MTG trading is a backwards sort of job, in which you “buy” work. When I paid the asking price for this lot of cards, I was also committing 20+ hours of my life to processing it. When debating an offer in my head, I always consider the ratio of time to profit. If the math doesn't suggest a fair hourly worker's wage, I either try to get a lower price or back down. There's nothing wrong with bowing out of a negotiation, but I'm a big fan of the whole “Always Get To Yes” school of thought. I'm the guy that'll trade brick for brick in Settlers of Catan, just to get things started.
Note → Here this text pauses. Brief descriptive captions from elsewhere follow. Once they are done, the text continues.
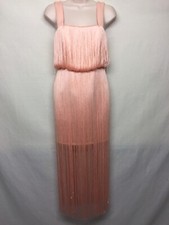 ASOS Women's Pink Fringe Sleeveless Open Back Bandeau Mini Dress Size 4      B2B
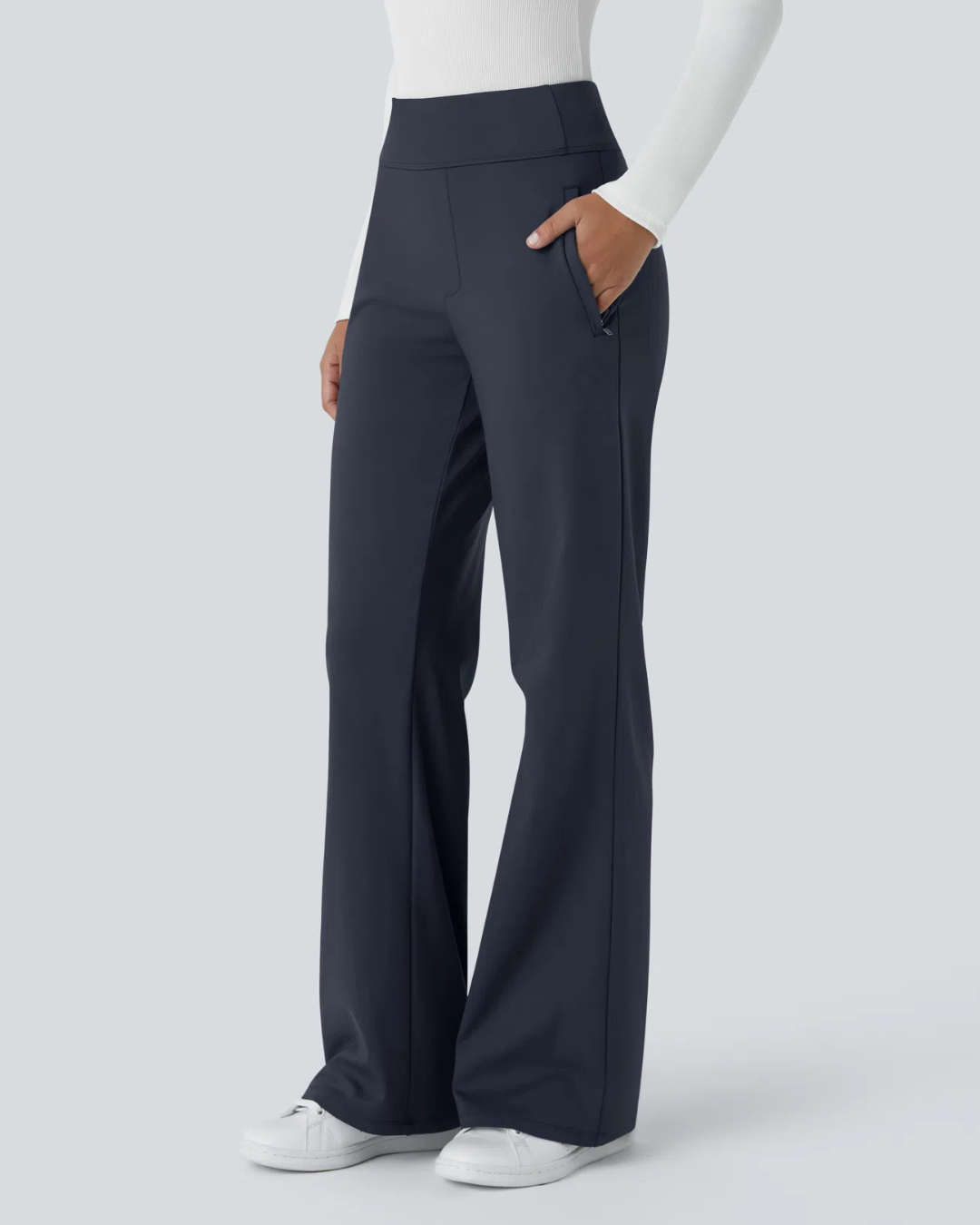 Pantalón de Cintura Alta para Mujer con Bolsillos Laterales con Cremallera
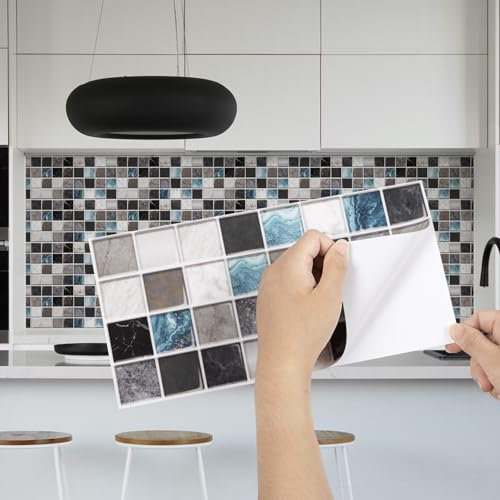 Fantasnight Black Tile Stickers 30x15cm 12Pcs, Mosaic Stick On Tiles for Bathroom, Blue Self Adhesive Wall Tiles Waterproof Backsplash, for Kitchen Living Room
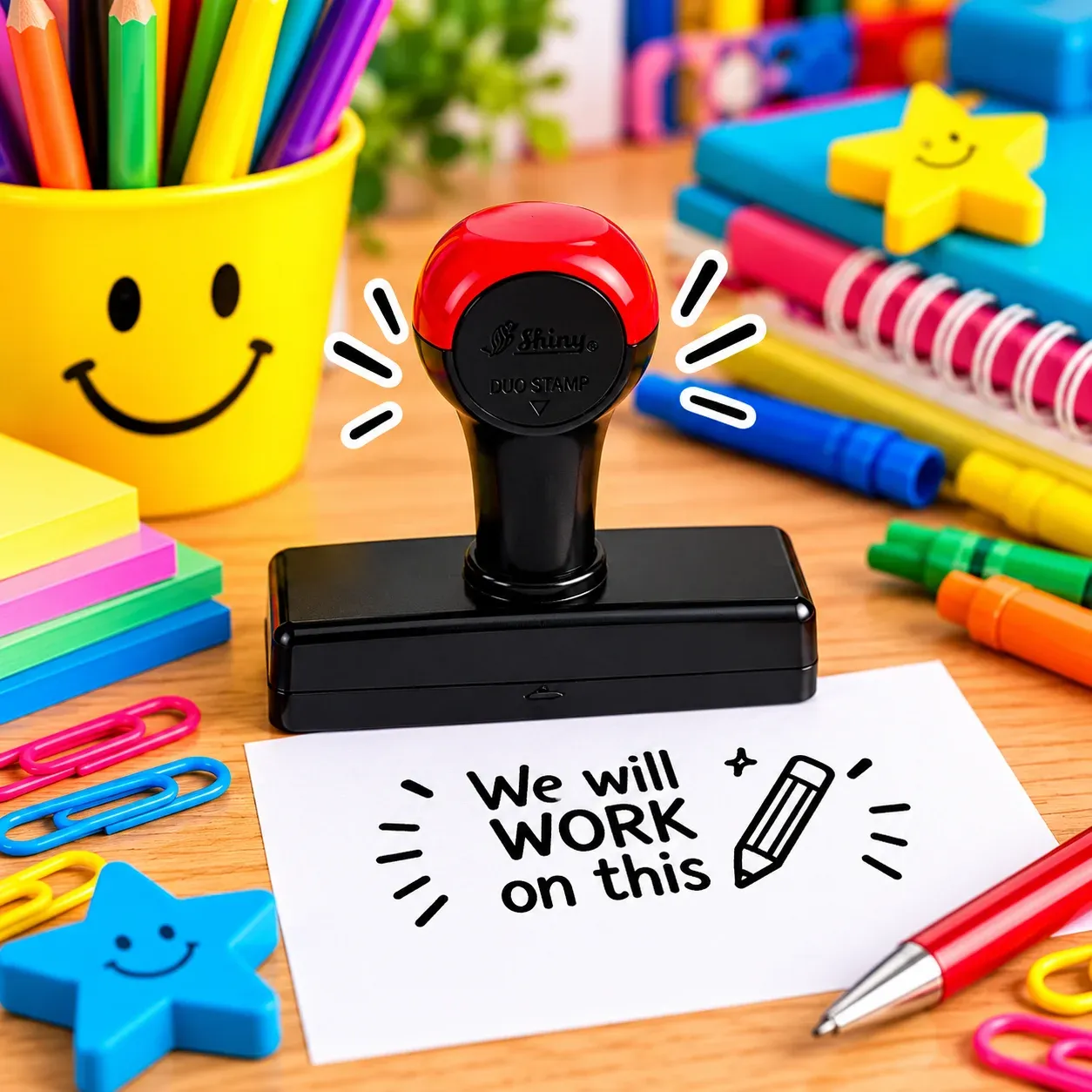Plastic Handle Teacher Text Stamps (50x20mm) Jozi Stamps webp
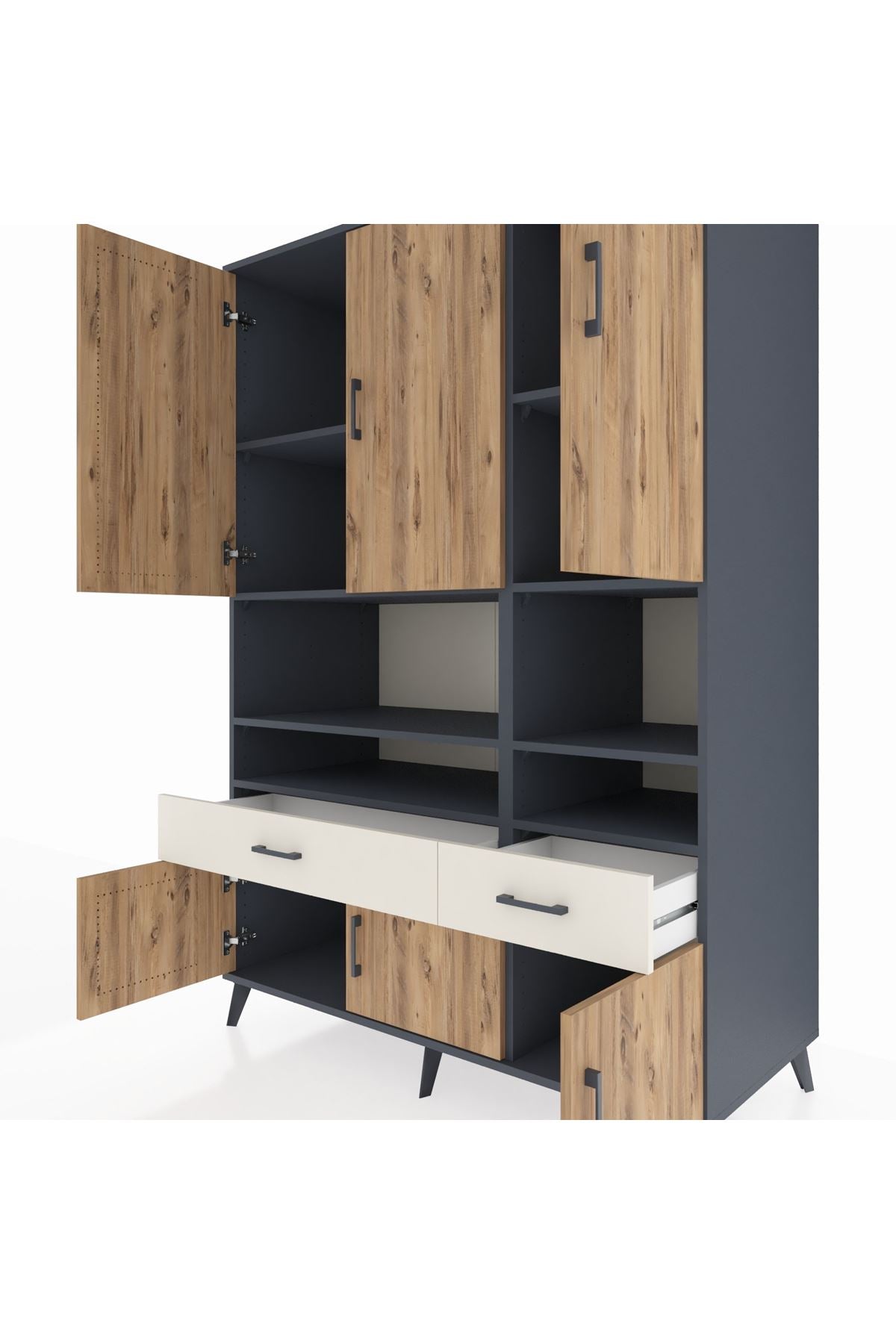 Kronos Dolap 8 Raflı 2 Çekmeceli 6 Kapaklı 132x59x195 Antrasit-Çam/Aytaşı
In this case, the math worked out in my favor. It was a large collection, though fairly well-organized. Organization is a big determining factor. If the collection is pre-sorted, I save time. If the collection is documented or priced, even better. Even though I may not agree with their pricing, I can compare it to my own to better understand how my counter-party thinks. I consistently get questions about large acquisitions, and while I addressed a lot of this in my previous articles on the topic, this acquisition presents a nice case study that should help answer further questions.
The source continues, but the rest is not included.